STORED DATA section start

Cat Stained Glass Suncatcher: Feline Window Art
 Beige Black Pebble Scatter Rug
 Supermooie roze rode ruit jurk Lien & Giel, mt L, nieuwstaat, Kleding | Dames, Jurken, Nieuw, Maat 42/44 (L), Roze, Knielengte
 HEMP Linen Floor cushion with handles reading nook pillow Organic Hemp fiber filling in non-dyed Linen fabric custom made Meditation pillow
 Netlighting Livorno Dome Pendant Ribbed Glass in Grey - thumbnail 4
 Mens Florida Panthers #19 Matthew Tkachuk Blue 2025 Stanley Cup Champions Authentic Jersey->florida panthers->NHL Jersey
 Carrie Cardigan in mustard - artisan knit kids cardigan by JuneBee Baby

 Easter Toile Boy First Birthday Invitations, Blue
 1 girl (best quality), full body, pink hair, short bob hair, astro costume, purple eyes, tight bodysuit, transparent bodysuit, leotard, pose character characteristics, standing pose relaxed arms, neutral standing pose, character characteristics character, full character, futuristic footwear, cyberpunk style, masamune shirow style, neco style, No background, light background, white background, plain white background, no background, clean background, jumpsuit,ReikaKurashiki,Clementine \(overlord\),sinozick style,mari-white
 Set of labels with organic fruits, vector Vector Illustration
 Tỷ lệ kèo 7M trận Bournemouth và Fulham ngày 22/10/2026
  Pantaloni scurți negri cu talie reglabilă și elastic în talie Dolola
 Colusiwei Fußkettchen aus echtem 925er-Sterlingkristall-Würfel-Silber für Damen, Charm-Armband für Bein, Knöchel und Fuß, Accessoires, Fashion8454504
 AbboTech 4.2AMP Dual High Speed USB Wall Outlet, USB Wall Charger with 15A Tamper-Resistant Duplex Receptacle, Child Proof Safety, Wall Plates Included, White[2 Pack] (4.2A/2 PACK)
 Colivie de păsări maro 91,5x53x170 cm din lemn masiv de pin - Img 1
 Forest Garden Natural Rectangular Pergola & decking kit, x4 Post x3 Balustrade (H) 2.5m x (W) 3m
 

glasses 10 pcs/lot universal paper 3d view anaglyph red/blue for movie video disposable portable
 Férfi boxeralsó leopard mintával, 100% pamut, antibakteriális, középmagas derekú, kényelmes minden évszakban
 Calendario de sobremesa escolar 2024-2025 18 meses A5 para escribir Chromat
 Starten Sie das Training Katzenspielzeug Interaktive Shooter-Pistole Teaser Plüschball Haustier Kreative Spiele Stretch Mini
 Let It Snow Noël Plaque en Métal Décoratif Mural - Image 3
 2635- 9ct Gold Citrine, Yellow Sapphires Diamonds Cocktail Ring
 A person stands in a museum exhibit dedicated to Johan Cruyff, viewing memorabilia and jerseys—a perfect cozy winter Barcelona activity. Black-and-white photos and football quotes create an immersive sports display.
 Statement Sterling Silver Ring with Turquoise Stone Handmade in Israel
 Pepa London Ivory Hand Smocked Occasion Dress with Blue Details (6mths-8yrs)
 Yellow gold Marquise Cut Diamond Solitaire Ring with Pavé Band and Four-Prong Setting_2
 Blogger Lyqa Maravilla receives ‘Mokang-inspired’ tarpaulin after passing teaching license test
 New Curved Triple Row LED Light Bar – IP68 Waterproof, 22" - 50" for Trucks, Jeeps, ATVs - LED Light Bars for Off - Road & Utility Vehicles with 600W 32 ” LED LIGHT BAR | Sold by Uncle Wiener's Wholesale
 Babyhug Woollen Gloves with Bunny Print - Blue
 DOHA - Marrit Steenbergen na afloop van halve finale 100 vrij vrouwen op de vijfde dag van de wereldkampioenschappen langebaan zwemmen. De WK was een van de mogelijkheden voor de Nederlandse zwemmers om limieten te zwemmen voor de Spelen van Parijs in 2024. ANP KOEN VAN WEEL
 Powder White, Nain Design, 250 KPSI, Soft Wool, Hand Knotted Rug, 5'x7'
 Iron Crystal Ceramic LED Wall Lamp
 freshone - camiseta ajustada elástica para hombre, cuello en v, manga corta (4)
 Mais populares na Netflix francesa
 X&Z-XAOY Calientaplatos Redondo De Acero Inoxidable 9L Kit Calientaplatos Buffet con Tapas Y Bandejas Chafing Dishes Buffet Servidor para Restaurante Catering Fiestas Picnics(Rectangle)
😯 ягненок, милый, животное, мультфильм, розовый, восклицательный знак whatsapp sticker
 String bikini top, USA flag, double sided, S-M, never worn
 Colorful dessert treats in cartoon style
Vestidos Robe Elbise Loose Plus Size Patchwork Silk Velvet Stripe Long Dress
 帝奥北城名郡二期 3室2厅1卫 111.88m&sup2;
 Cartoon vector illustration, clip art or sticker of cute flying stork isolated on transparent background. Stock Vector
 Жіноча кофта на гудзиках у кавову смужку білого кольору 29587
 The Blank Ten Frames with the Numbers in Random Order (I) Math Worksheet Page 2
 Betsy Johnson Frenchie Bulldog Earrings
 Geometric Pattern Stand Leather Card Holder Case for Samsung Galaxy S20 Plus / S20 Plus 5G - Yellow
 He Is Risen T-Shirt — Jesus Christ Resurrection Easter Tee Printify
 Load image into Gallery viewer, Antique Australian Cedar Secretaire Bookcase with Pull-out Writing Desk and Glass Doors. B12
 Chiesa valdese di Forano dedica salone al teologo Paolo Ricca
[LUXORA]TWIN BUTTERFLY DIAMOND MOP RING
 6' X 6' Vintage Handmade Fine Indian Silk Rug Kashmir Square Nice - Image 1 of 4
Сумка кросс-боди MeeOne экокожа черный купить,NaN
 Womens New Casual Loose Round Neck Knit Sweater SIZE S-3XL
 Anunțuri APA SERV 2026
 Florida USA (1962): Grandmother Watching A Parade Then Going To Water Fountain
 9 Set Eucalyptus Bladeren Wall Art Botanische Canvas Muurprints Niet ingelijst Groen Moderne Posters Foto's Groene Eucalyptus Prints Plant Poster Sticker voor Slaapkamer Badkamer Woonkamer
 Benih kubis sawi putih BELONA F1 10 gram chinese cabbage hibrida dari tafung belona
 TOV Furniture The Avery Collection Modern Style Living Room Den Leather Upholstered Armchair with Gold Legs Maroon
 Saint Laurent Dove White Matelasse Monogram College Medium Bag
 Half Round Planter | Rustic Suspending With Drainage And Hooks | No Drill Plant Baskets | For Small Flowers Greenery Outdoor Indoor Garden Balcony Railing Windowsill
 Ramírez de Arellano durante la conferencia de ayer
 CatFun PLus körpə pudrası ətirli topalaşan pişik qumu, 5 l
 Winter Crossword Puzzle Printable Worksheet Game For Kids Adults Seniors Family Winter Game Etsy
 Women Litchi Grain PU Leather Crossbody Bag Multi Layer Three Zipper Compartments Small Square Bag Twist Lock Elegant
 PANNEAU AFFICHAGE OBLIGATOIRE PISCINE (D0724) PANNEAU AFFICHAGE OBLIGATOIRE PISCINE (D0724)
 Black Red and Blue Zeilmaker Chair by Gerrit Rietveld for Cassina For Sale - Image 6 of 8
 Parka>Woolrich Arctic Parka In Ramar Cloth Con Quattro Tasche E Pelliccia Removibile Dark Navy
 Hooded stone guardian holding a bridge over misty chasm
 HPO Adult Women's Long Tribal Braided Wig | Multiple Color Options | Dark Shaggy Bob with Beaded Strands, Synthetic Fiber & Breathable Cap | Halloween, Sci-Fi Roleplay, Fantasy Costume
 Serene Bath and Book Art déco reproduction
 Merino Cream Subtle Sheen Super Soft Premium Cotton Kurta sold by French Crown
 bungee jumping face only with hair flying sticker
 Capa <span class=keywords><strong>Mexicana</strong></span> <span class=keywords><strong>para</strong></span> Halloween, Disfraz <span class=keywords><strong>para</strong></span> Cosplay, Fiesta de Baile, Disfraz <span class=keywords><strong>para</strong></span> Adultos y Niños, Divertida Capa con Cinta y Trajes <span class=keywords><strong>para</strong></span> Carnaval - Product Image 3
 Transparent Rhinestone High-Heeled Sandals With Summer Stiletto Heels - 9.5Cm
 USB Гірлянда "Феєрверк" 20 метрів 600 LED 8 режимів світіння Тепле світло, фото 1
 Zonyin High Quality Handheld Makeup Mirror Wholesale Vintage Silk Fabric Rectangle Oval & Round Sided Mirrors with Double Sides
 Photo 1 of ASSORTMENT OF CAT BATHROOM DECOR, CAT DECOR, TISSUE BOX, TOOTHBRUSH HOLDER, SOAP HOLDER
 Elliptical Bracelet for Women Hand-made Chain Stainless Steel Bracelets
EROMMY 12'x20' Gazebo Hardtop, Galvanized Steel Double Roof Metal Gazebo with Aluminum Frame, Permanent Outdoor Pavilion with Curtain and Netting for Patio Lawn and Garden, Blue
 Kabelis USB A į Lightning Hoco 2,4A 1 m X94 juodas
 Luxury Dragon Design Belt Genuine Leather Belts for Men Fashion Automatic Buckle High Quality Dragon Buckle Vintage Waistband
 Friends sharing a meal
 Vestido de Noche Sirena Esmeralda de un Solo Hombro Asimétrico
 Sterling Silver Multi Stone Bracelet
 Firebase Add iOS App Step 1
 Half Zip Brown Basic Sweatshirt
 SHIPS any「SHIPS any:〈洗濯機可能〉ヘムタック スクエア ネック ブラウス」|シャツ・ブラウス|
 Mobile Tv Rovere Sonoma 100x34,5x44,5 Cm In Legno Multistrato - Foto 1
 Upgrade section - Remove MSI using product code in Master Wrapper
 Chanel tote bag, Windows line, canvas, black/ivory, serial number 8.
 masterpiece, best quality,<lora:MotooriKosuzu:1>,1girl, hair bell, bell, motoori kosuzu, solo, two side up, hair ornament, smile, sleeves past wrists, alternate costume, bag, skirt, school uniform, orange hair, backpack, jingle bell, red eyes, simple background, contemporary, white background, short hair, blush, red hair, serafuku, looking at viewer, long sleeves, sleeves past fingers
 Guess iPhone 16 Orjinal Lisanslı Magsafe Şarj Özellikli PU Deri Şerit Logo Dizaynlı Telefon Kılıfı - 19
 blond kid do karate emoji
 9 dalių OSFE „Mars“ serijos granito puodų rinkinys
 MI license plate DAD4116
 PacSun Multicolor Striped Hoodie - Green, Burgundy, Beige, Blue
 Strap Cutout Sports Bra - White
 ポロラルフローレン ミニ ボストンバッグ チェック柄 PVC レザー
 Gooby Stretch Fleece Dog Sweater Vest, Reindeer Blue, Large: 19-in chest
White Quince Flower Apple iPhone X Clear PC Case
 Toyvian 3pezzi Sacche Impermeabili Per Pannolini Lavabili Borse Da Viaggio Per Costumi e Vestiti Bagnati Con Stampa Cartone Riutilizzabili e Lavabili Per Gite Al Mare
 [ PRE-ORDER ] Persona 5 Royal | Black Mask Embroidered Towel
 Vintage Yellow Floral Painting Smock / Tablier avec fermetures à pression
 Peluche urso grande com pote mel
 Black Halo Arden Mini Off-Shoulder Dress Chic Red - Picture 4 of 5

STORED DATA section end

From the data above, output only the lines between the line containing "Geometric Pattern Stand" and the line containing "Florida USA (1962): Grandmother", inclusive, exactly as written.

 Geometric Pattern Stand Leather Card Holder Case for Samsung Galaxy S20 Plus / S20 Plus 5G - Yellow
 He Is Risen T-Shirt — Jesus Christ Resurrection Easter Tee Printify
 Load image into Gallery viewer, Antique Australian Cedar Secretaire Bookcase with Pull-out Writing Desk and Glass Doors. B12
 Chiesa valdese di Forano dedica salone al teologo Paolo Ricca
[LUXORA]TWIN BUTTERFLY DIAMOND MOP RING
 6' X 6' Vintage Handmade Fine Indian Silk Rug Kashmir Square Nice - Image 1 of 4
Сумка кросс-боди MeeOne экокожа черный купить,NaN
 Womens New Casual Loose Round Neck Knit Sweater SIZE S-3XL
 Anunțuri APA SERV 2026
 Florida USA (1962): Grandmother Watching A Parade Then Going To Water Fountain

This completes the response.